Jessica Brando (born Jessica Vitelli 6 December 1994) is an Italian singer.

Biography
Born in Grosseto, Tuscany, Jessica started singing at the age of five, studying for her own fun on great singers from the past like Frank Sinatra, Ella Fitzgerald, Dinah Washington and many others.

She started her first band with some teenage friends, making cover versions of 80s dance tracks. Jessica won various local singing contests, pop and jazz, including a scholarship for the Cinecittà Studios. In 2005, she won a scholarship for the Washington School Of Ballet in the United States. At nine years old she was admitted to the Modern Dance Academy of Kledi in Rome. At thirteen she sang for the Pope, John Paul II and appeared on the TV show Il Senso della Vita singing with a band full of Italian jazz superstars.

She attended Liceo classico in Grosseto and also studied piano at Conservatorio.

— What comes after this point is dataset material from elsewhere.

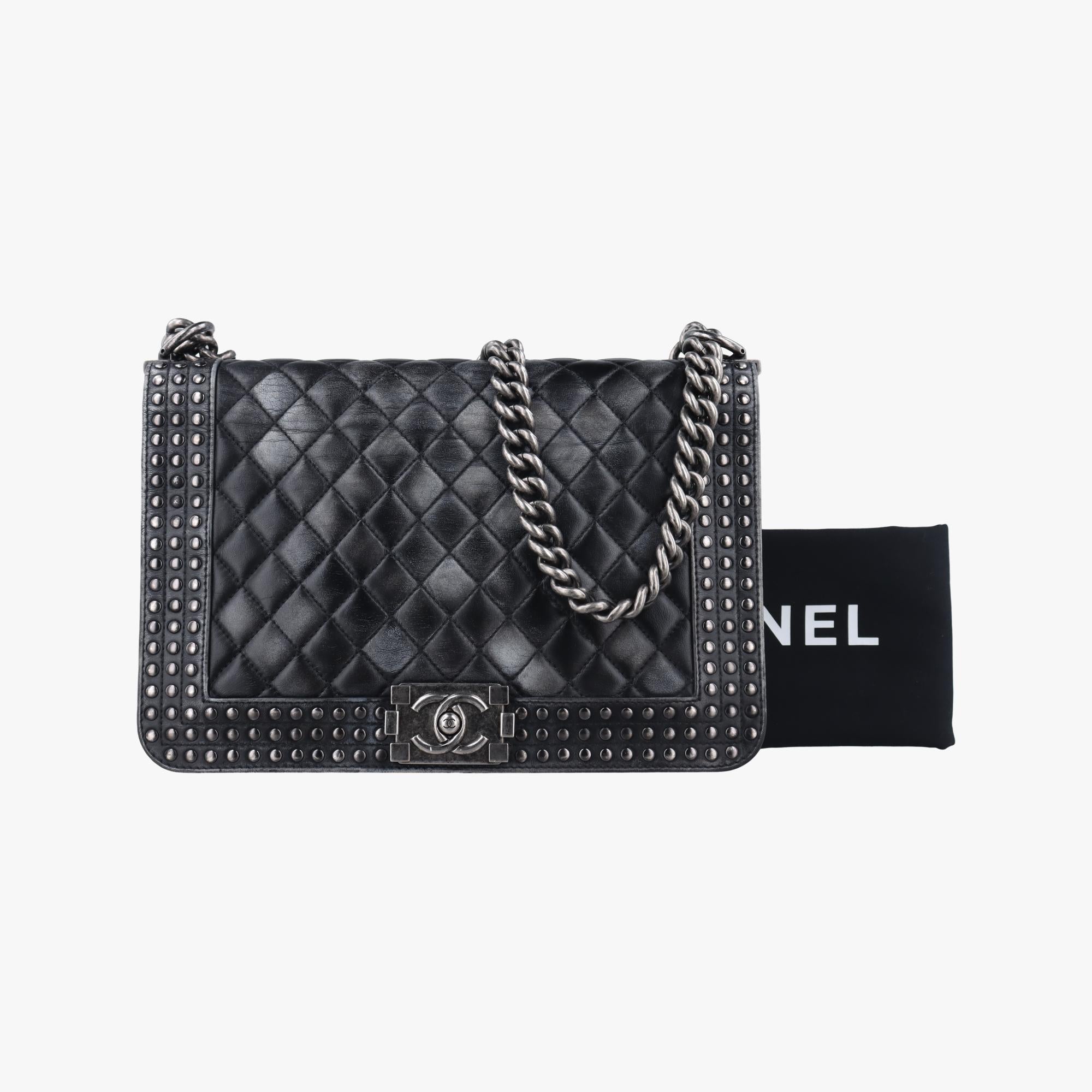 シャネル Chanel ショルダーバッグ レディース ボーイシャネル グレー ラムスキン A92409 19867311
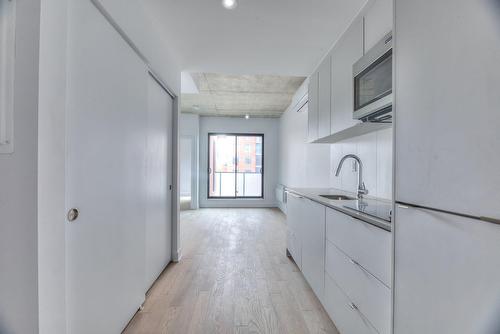 Cuisine - 306-2660 Rue Ontario E., Montréal (Ville-Marie), QC - Indoor Photo Showing Kitchen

In 2008, she signed a deal with EMI Music Italy. Jessica completed the recording for her debut EP in 2009, which includes four cover versions revisited in a very personal way.

On 12 January 2010 was officially admitted to the Sanremo Music Festival in the category New Generation with the song Dove non-ci sono ore, written by the singer Valeria Rossi. Brando passes the first turn, entering among the four finalists, but did not win the final.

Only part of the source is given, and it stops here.